→ Exercise instructions
Transcribe the data exactly, omitting whatever pictures it holds.

[Image-caption web data]
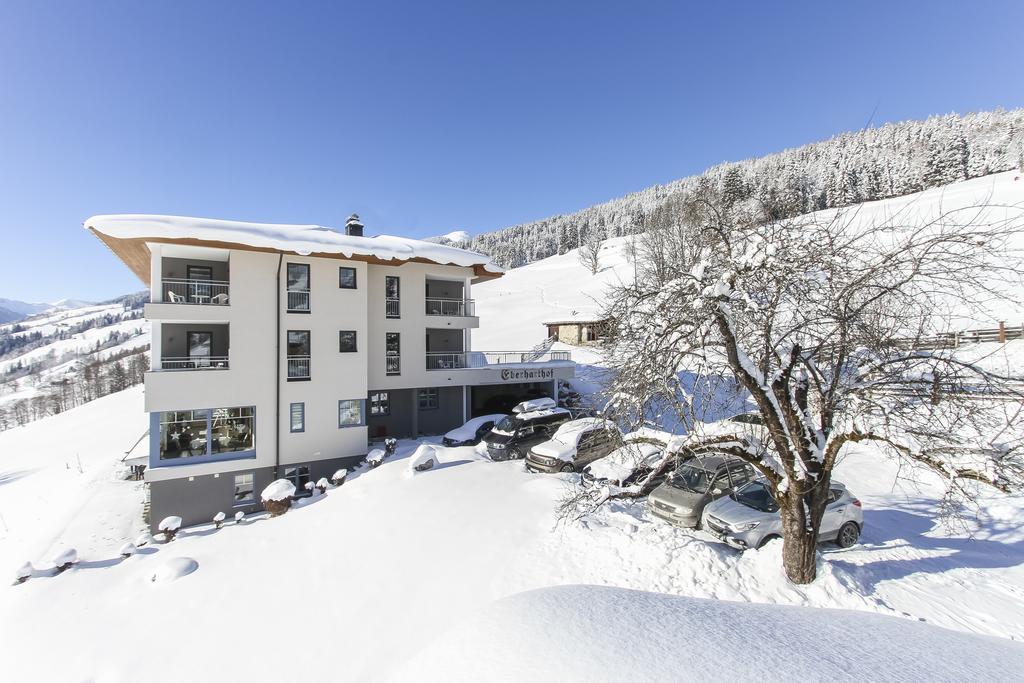 Eberharthof Apartment Saalbach-Hinterglemm Ngoại thất bức ảnh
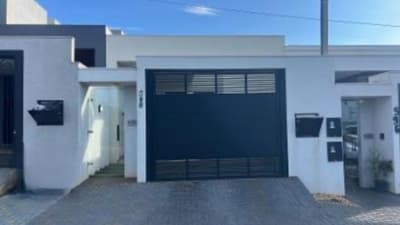 Casa em leilão em Toledo - PR — Casa 180m², Jardim Pancera, Toledo/PR - Ocupada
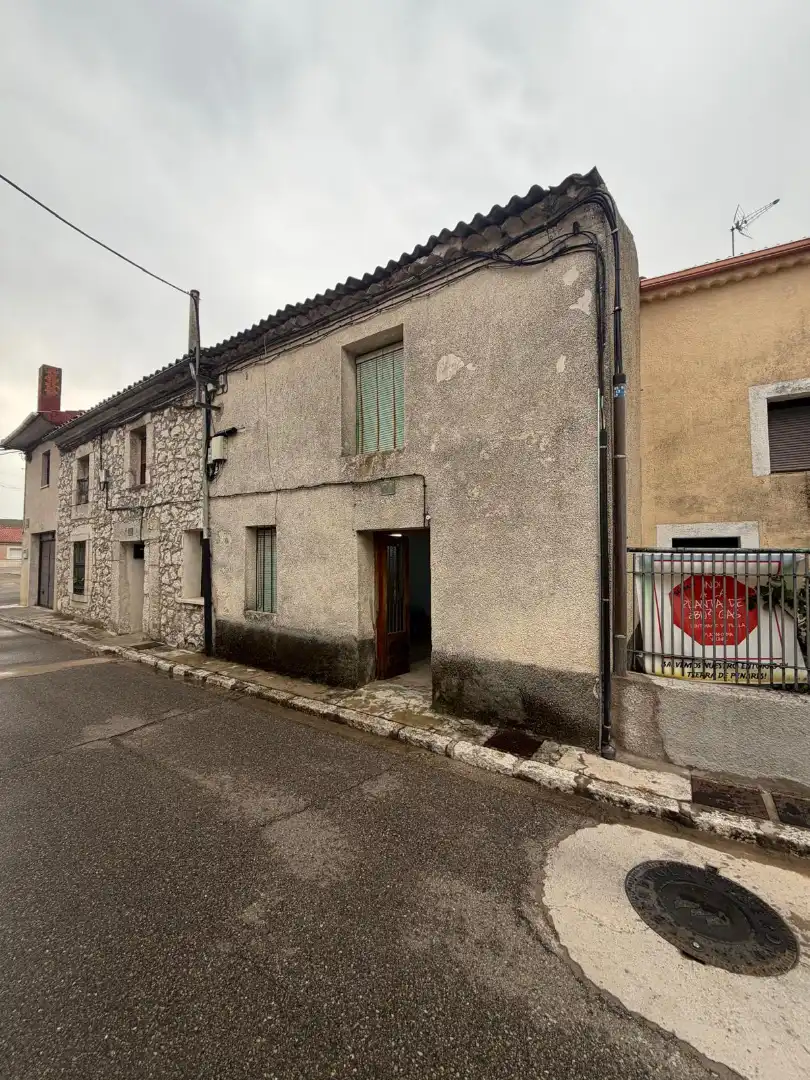 Vista exterior de Casa o chalet en venta en Montemayor de Pililla con Trastero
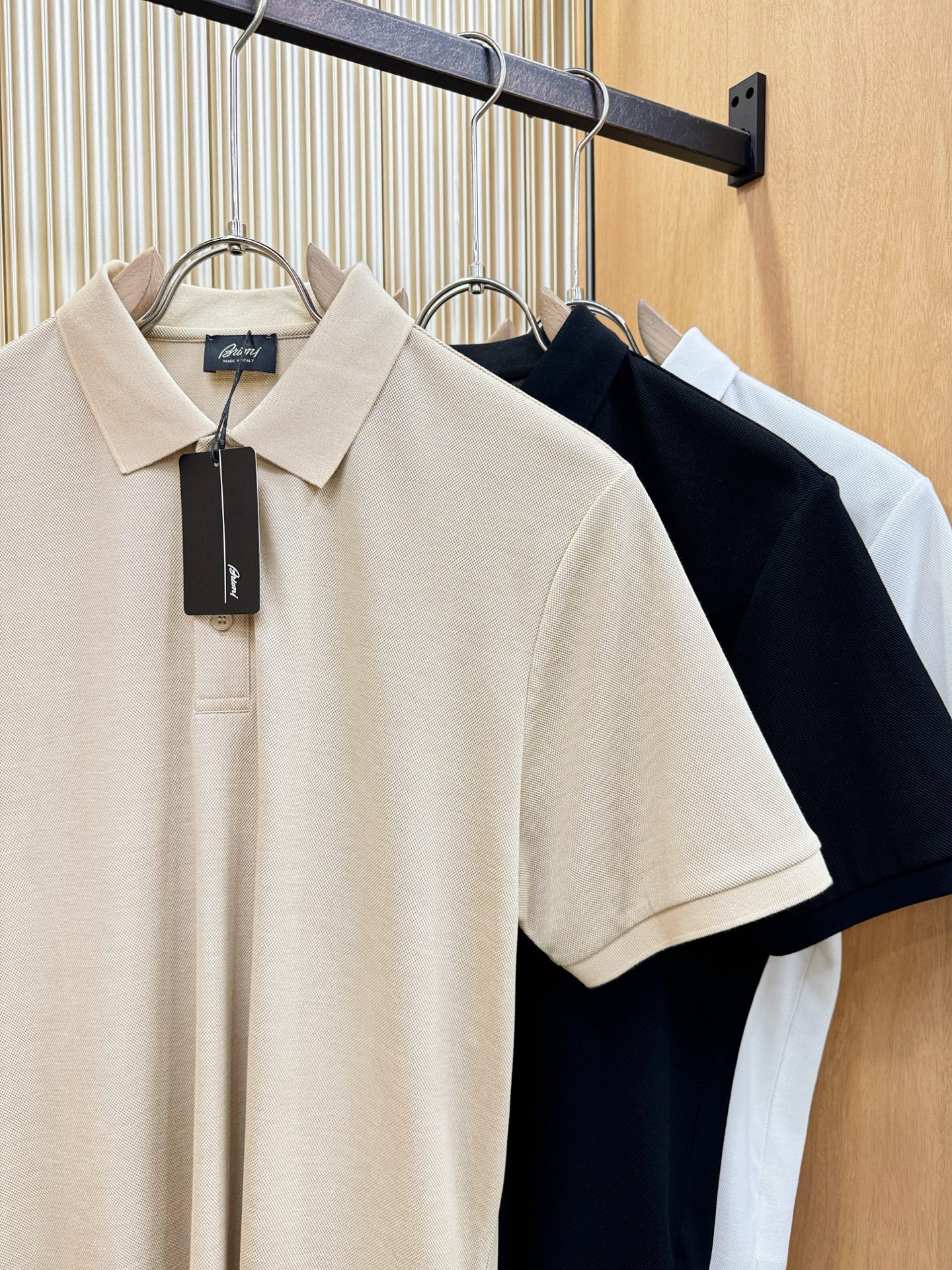 loro Piana诺悠翩雅 2026春夏新款首发专柜最新款翻领短袖，100%双丝光珠地棉面料，高端订制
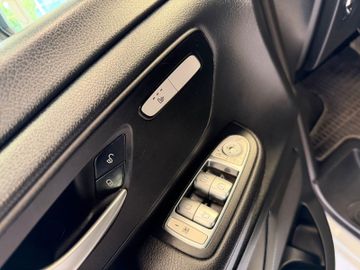 Mercedes V 220 - 12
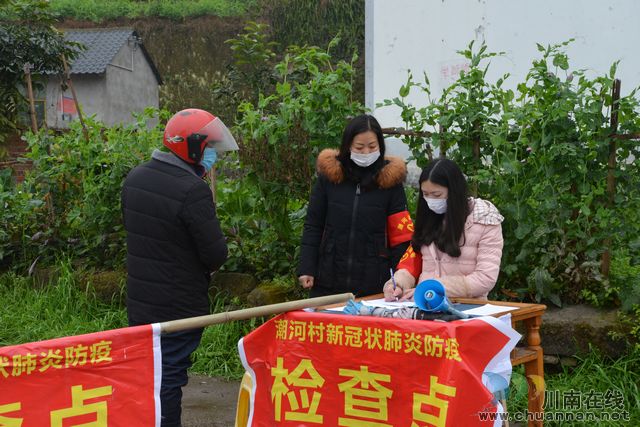 抗“疫“一线的美丽身影——“凳子姑娘”黄欢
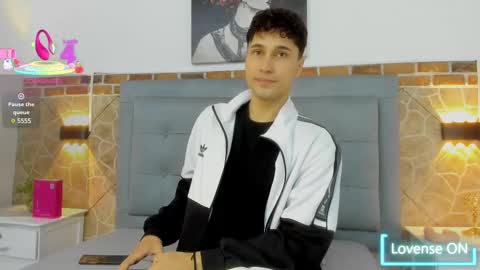 Buddy Whitte online show from 26, 2, 2025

→ Your response
 Eberharthof Apartment Saalbach-Hinterglemm Ngoại thất bức ảnh
 Casa em leilão em Toledo - PR — Casa 180m², Jardim Pancera, Toledo/PR - Ocupada
 Vista exterior de Casa o chalet en venta en Montemayor de Pililla con Trastero
 loro Piana诺悠翩雅 2026春夏新款首发专柜最新款翻领短袖，100%双丝光珠地棉面料，高端订制
 Mercedes V 220 - 12
 抗“疫“一线的美丽身影——“凳子姑娘”黄欢
 Buddy Whitte online show from 26, 2, 2025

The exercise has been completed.